真冬のチニングは強風対策から数釣りへ

古谷 英一

鹿児島県在住。錦江湾を中心とした鹿児島県内のフィールドでショアからのソルトウォーターゲームを追求している

2024年も終盤になってくると、冬らしい気候になりましたね。私の住む鹿児島も、最高気温が10度に満たない日も増えました。
そうなると南国メバルの恋しい季節となるのですが・・・・。今シーズンのメバルは、予想以上の遅れが・・・・。いまだ満足のいく釣りには程遠い状況です。
という事で、身近なポイントで楽しめる釣りとなると。


冬になると、圧倒的に釣り人が減少するのが、チニングだと思います。私は、チニングにはオフシーズンはないと思っているのですが。涼しくなると、アングラーは極端に減りますね。
暖かい季節の釣りというのが、トップチヌの影響で強く印象付けられているのが原因かと思われます。
しかし、実際には冬から春に掛けてが、本チヌ(クロダイ)のベストシーズンなんです。
その理由が、春に産卵期を迎える本チヌは、その前に体力を蓄えるために、少しでも多くのエサを食べる様になります。産卵前の荒食いが始まるのが、寒くなる季節から極寒期で、ちょうど年明けから春に掛けてがそれにあたります。

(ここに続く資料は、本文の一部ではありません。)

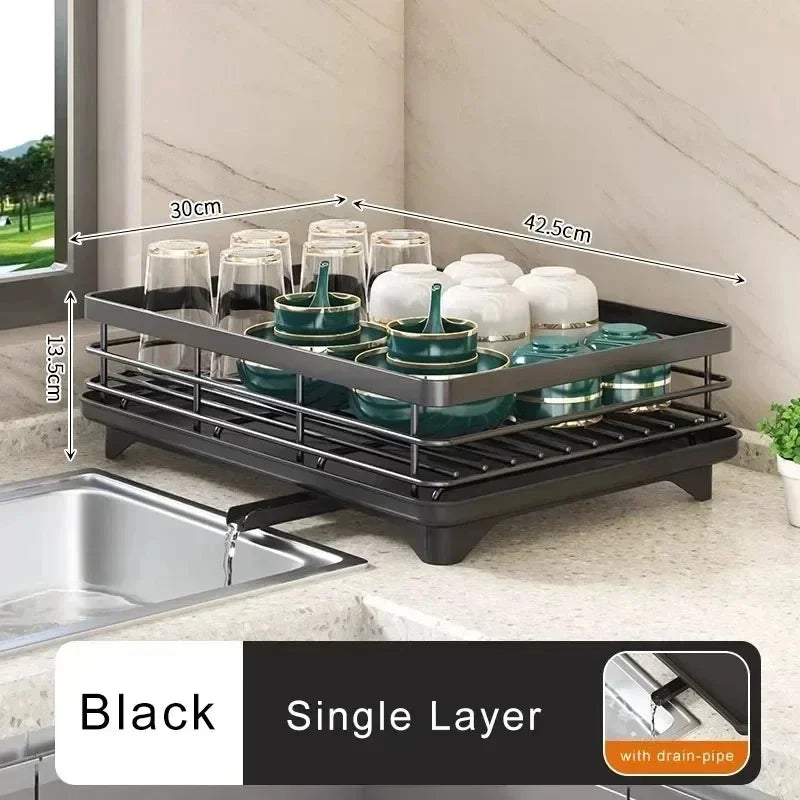 Adjustable Dish Drying Rack & Drainboard Organizer for Kitchen Plates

寒い中のチニング、時にはトップでも出たりはしますが、やはりボトムの釣りがメインとなります。水温の低下で、チヌも上層への興味を失う事もありますが、低水温のシーズンはエサがボトムに集中する事が大きな理由です。
しかし、この低水温シーズンはベイトの存在も少なくなり、チヌも片寄った食生活をしているのも事実です。フィールドによって様々ですが、甲殻類のみを食っている場所もあれば、海藻ばかり食っている場所もあります。さらには、シラウオなどの小型ベイトを追い回す場所、大きめのイワシやキビナゴなどを追い回す場所など、夏の雑食性が強いコンディションから、偏食する個体が増えてくる季節にもなってきます。

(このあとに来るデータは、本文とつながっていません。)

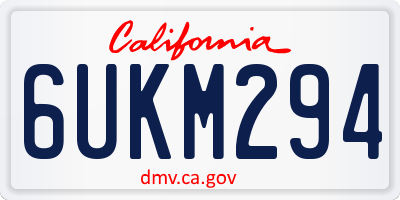 CA license plate 6UKM294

そんな季節、様々な状況にオールマイティーに対応しやすいのが、フリーリグによるチニングです。ボトムをスローに誘う事も出来れば、ボトムを切った早い釣りも可能です。誘い重視から、リアクションの釣りまで幅広く対応可能と言えます。
ただし、風の強い日が多くなるのが唯一の欠点です。キャストしにくい、飛距離が出ないだけならまだいいのですが、風の抵抗でラインにテンションが掛かりすぎて、勝手に動き回ったり、バイトが取りにくくなったり、釣りが困難になる事が増えます。そのため、小型プラグはより釣りが組み立てにくくなります。
今回、そんな典型的な真冬の釣りに年末に当たりました。寒波の影響で、鹿児島でも最高気温10度、北西からの爆風(風速10m以上)で、河川内であるにも関わらず水面下含めて荒れまくった日に。
普通なら釣りには行かない人がほとんどの環境での釣り。

そんな真冬の気圧配置による、独特の荒れた天気。特に西側に面したフィールドでは、釣りにならない事が多々あります。
その環境下でもチヌを引き出す方法を、今回は少しご紹介していきます。
基本的なタックルは、普段のチニングタックルで十分です。ただし、メインのPEラインに関しては、細ければ細いほど風の抵抗が少なくなるので、有利になります。
私の場合は、ベイライナーAKBMのBL-C812MLとPEラインは0.6号の組み合わせです。オールシーズン、これで通しています。強風での感度を上げたいと思う時には、ディップに張りのあるファーストテーパー気味のロッドが有利です。
これに使用するワームは、コーヴァイチュー。フックもオフセットフックであるコーヴァイフックです。
あとはシンカーですが、夏場は7gを中心にセレクトしますが、風の強い冬場は10gか14gをチョイス。重さで飛距離やアキュラシーを確保すると共に、ボトムでの安定性とラインに受けるかぜによってワームが無駄に動き回らない様にします。
単に重いウエイトを使うのではなく、出来る限りロッドディップからワームまでが、強風の中でも直線になるようにします。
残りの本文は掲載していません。